Every Oregon farm plays a role in the economic vitality of its community and region. This “multiplier effect” is a key reason that Oregon agriculture is so important to the whole state’s economy—Oregon farmers spend $3.4 billion on their businesses each year, and the Oregon Department of Agriculture estimates that one in eight Oregon jobs is agriculture-related. The output from farms like Dancing Roots also supports jobs in the city, from distribution company workers to line chefs and dishwashers. This is true throughout Oregon.
Shari and Bryan also believe that a healthy farming community depends on farmers working together. So they collaborate with fellow agricultural professionals through the Northwest Farmer to Farmer Exchange, a listserve and an annual conference to talk farming practices, business strategies, and other issues. Shari is also a board member of Friends of Family Farmers and is on the Advisory Committee with the Portland Area CSA Coaltion.
The success of Oregon farming depends on thousands of dedicated, hardworking people like Shari and Bryan. While most of their produce stays in the local area, other farmers in the state have a much more national, and even global, orientation. A full 80 percent of Oregon agricultural products are exported out of state, and 40 percent leave the country altogether.
Standing at Dancing Roots, with its sweeping views across the Sandy River canyon just twenty minutes from downtown Portland, it’s hard not to think that in many states, land this beautiful and close to the city might be covered in gated subdivisions.

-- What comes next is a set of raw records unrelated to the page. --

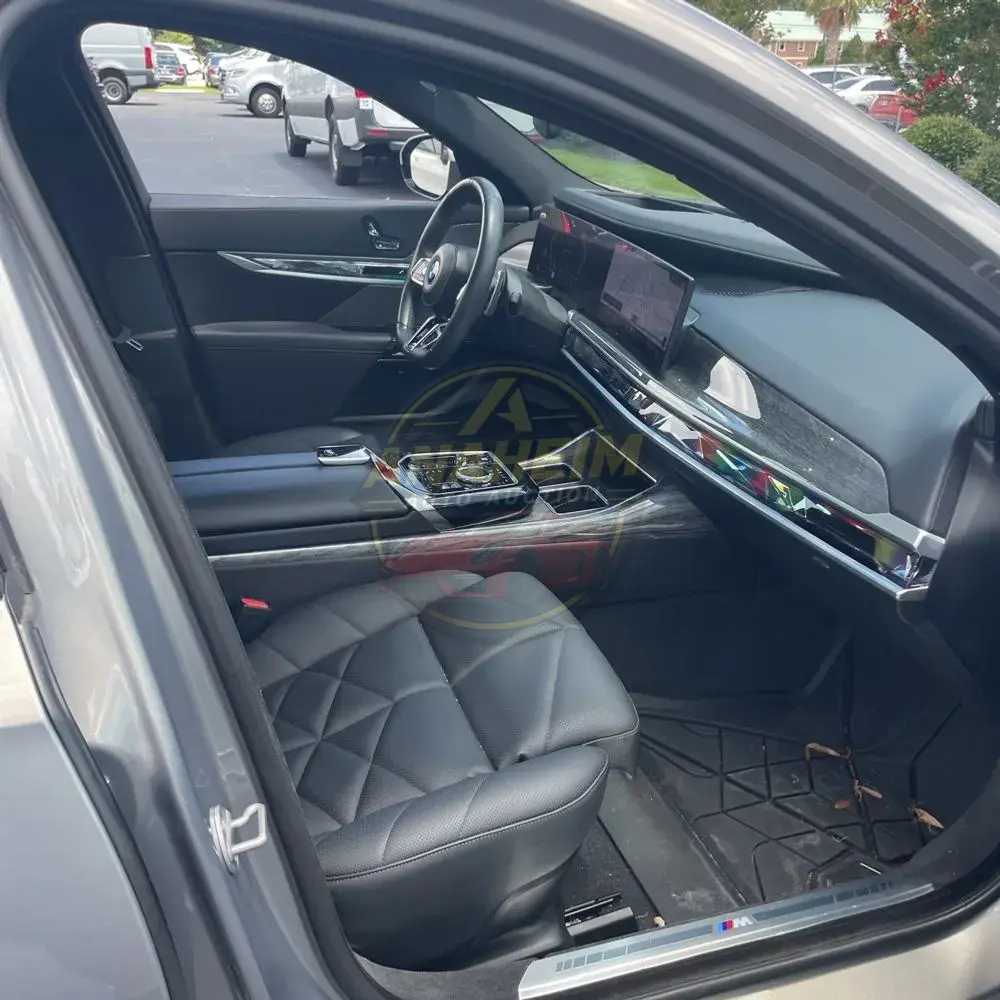 2023 BMW 7-Series 740i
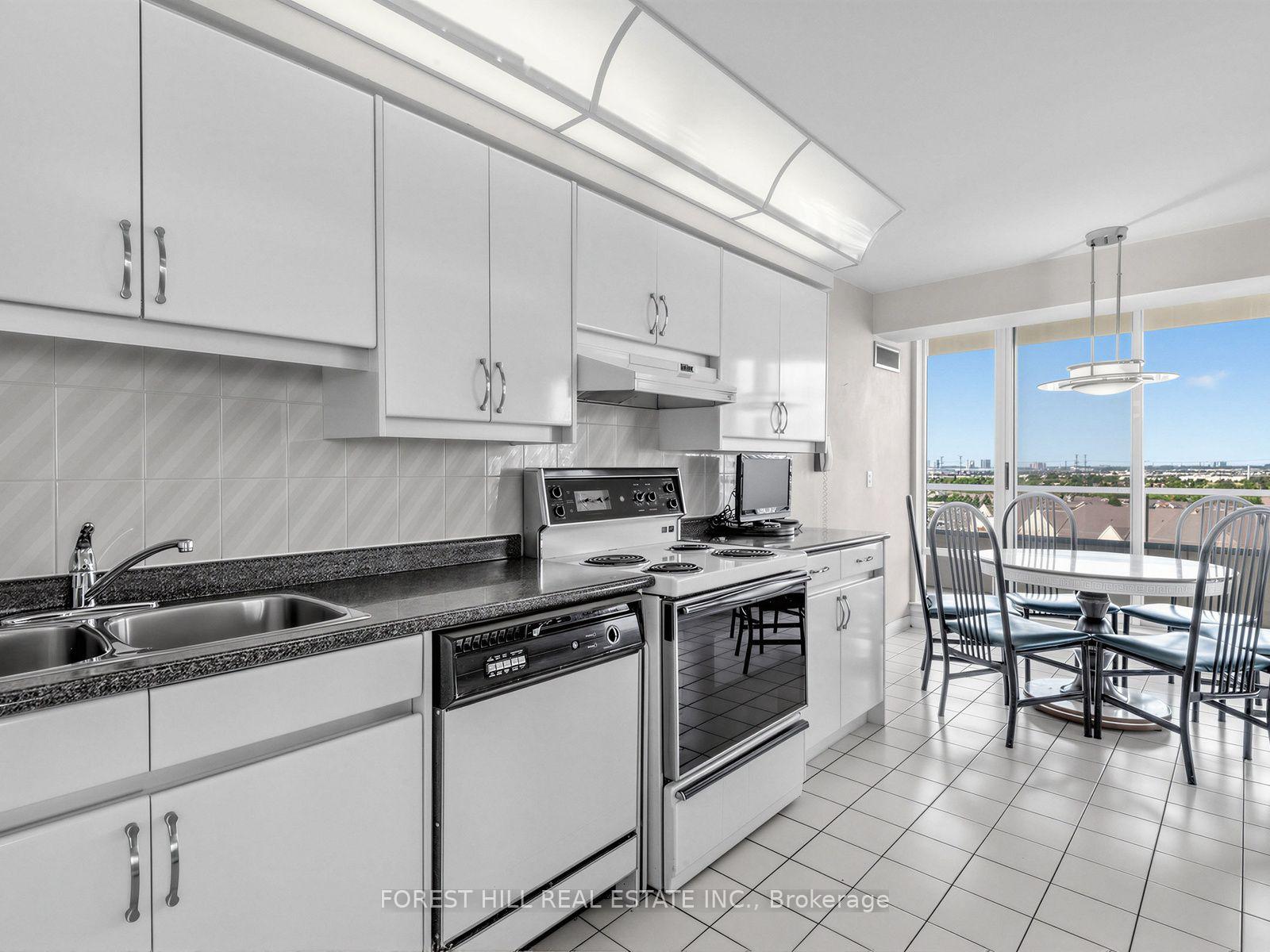 Photo 12 of Unit 1110, 120 Promenade Circle, Vaughan, Brownridge — HOMEH
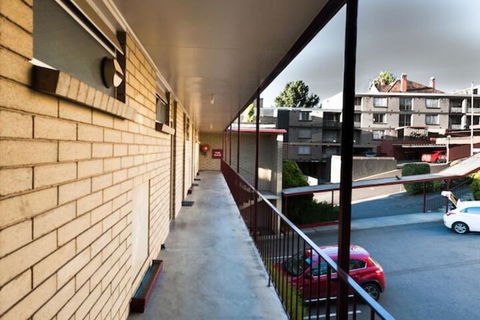 Parklane Motel - Tourism Caloundra 2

But thanks Oregon’s leadership in land use planning, that hasn’t happened. A huge percentage of Oregon’s farming still happens right in the backyards of the state’s largest cities. Like Dancing Roots, Oregon farms aren’t all located in some far-off rural place far from Oregon’s cities. In fact, five of the top ten agriculture counties in the state are considered “urban” by the US Census Bureau.
It’s a remarkable statistic worth celebrating.
But it’s more important that we celebrate the work of farmers like Shari and Bryan whenever we sit down for a fresh meal in Oregon. This Thanksgiving, we’re raising a toast to them all.